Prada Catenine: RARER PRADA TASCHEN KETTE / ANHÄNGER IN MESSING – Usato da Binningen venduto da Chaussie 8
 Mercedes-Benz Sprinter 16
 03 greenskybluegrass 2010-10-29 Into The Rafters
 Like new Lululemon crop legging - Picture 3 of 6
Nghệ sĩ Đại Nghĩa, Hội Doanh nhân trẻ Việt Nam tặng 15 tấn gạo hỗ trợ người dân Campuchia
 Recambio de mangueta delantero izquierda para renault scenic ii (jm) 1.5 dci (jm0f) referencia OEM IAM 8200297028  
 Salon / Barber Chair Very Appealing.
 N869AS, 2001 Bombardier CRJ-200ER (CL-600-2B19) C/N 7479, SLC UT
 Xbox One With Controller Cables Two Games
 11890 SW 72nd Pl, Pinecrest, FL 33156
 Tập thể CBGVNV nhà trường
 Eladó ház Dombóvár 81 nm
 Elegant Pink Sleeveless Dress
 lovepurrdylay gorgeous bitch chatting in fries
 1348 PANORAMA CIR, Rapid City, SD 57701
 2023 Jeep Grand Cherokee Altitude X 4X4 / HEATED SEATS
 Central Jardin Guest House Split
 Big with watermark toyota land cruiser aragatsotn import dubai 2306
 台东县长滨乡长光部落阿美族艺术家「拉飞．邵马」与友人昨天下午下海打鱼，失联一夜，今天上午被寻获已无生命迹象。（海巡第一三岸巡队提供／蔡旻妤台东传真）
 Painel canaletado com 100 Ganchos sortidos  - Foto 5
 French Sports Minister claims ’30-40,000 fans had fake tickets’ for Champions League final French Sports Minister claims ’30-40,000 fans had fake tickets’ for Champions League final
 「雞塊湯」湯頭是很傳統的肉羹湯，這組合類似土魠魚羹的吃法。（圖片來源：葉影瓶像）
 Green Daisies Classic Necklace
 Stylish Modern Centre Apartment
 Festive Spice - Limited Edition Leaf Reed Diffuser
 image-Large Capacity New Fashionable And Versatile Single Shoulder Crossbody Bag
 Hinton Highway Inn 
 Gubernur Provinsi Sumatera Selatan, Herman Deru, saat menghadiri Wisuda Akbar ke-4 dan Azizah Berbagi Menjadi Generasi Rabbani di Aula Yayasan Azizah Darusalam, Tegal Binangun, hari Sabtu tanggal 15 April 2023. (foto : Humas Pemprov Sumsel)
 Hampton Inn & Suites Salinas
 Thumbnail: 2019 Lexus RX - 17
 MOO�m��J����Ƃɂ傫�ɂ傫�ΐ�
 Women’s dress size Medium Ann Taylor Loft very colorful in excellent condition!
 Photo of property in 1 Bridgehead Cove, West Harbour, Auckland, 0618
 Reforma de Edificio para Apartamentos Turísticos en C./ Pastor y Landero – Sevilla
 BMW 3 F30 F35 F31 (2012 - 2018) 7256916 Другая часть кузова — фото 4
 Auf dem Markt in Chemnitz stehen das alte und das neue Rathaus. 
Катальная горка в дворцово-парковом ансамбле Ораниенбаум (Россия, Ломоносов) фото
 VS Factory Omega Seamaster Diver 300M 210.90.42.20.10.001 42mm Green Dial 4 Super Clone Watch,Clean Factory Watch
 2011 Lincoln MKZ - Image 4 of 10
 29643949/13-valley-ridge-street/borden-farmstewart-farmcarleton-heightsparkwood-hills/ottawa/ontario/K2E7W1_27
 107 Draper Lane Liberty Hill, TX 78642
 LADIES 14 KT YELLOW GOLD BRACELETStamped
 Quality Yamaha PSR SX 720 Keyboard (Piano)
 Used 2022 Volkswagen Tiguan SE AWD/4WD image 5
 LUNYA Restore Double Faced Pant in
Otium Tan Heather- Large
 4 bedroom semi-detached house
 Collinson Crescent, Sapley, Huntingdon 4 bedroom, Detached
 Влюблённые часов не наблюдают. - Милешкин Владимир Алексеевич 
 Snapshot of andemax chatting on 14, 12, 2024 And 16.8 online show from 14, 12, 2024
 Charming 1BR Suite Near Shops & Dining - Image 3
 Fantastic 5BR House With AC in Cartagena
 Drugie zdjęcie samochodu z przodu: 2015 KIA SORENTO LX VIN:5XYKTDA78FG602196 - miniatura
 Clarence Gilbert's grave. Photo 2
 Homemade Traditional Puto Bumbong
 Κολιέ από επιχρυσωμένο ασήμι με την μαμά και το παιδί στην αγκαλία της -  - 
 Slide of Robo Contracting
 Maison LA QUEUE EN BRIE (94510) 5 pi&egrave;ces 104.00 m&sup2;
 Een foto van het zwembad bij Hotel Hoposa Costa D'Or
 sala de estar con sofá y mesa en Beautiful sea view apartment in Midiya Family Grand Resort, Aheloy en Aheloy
----------------------------------------
Problem statement:
What is needed is an exact copy of the lines from the one holding "Snapshot of andemax" through the final line of the material.

Exercise output:
 Snapshot of andemax chatting on 14, 12, 2024 And 16.8 online show from 14, 12, 2024
 Charming 1BR Suite Near Shops & Dining - Image 3
 Fantastic 5BR House With AC in Cartagena
 Drugie zdjęcie samochodu z przodu: 2015 KIA SORENTO LX VIN:5XYKTDA78FG602196 - miniatura
 Clarence Gilbert's grave. Photo 2
 Homemade Traditional Puto Bumbong
 Κολιέ από επιχρυσωμένο ασήμι με την μαμά και το παιδί στην αγκαλία της -  - 
 Slide of Robo Contracting
 Maison LA QUEUE EN BRIE (94510) 5 pi&egrave;ces 104.00 m&sup2;
 Een foto van het zwembad bij Hotel Hoposa Costa D'Or
 sala de estar con sofá y mesa en Beautiful sea view apartment in Midiya Family Grand Resort, Aheloy en Aheloy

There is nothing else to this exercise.